Scraped caption text data

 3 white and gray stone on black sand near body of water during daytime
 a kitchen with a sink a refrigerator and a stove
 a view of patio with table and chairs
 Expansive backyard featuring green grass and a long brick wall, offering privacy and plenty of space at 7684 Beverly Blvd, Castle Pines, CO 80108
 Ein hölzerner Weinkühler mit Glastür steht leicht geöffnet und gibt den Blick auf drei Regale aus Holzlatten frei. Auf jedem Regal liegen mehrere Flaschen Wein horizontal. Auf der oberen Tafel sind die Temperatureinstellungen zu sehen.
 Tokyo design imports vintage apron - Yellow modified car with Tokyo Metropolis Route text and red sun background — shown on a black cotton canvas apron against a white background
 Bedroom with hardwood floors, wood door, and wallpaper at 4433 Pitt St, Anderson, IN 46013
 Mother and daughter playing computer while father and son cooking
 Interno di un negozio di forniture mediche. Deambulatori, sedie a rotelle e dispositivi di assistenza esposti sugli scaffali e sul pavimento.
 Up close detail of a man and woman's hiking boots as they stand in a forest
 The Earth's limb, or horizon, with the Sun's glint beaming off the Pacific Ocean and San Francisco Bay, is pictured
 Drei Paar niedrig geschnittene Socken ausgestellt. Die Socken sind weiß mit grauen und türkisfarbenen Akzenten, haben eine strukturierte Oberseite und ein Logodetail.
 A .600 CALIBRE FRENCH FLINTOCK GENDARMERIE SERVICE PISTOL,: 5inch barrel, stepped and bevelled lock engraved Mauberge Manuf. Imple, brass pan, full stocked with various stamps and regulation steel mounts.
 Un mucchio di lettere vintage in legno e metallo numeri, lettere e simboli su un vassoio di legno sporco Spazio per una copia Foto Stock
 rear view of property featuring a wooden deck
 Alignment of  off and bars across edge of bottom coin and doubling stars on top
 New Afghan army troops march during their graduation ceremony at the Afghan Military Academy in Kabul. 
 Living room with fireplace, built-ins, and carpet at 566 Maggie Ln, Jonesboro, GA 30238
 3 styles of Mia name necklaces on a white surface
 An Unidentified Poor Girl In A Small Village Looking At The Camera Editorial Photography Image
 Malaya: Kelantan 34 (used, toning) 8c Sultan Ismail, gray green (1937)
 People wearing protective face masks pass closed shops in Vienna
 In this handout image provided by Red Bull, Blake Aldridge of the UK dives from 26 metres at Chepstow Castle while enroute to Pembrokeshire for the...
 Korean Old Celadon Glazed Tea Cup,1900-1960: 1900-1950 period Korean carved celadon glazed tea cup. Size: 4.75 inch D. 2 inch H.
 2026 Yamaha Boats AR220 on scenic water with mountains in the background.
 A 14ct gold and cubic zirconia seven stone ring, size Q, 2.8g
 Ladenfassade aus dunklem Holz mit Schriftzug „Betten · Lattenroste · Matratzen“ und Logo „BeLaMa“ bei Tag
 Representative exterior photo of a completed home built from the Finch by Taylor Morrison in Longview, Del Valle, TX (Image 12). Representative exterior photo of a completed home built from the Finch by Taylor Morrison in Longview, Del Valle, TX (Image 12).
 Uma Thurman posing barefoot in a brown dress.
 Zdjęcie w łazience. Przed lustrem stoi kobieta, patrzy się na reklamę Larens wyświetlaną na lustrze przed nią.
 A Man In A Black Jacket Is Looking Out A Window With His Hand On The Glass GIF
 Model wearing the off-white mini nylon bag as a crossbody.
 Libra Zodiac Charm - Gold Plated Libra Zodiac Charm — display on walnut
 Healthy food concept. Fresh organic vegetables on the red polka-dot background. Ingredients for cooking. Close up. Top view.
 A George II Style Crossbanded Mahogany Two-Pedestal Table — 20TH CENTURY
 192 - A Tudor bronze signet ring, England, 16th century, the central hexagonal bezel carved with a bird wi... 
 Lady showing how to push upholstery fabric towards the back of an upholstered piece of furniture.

### Exercise
Return, word for word, the lines of the data above from the line with "3 styles of" through the line with "Zdjęcie w łazience.", inclusive.

### Answer below
 3 styles of Mia name necklaces on a white surface
 An Unidentified Poor Girl In A Small Village Looking At The Camera Editorial Photography Image
 Malaya: Kelantan 34 (used, toning) 8c Sultan Ismail, gray green (1937)
 People wearing protective face masks pass closed shops in Vienna
 In this handout image provided by Red Bull, Blake Aldridge of the UK dives from 26 metres at Chepstow Castle while enroute to Pembrokeshire for the...
 Korean Old Celadon Glazed Tea Cup,1900-1960: 1900-1950 period Korean carved celadon glazed tea cup. Size: 4.75 inch D. 2 inch H.
 2026 Yamaha Boats AR220 on scenic water with mountains in the background.
 A 14ct gold and cubic zirconia seven stone ring, size Q, 2.8g
 Ladenfassade aus dunklem Holz mit Schriftzug „Betten · Lattenroste · Matratzen“ und Logo „BeLaMa“ bei Tag
 Representative exterior photo of a completed home built from the Finch by Taylor Morrison in Longview, Del Valle, TX (Image 12). Representative exterior photo of a completed home built from the Finch by Taylor Morrison in Longview, Del Valle, TX (Image 12).
 Uma Thurman posing barefoot in a brown dress.
 Zdjęcie w łazience. Przed lustrem stoi kobieta, patrzy się na reklamę Larens wyświetlaną na lustrze przed nią.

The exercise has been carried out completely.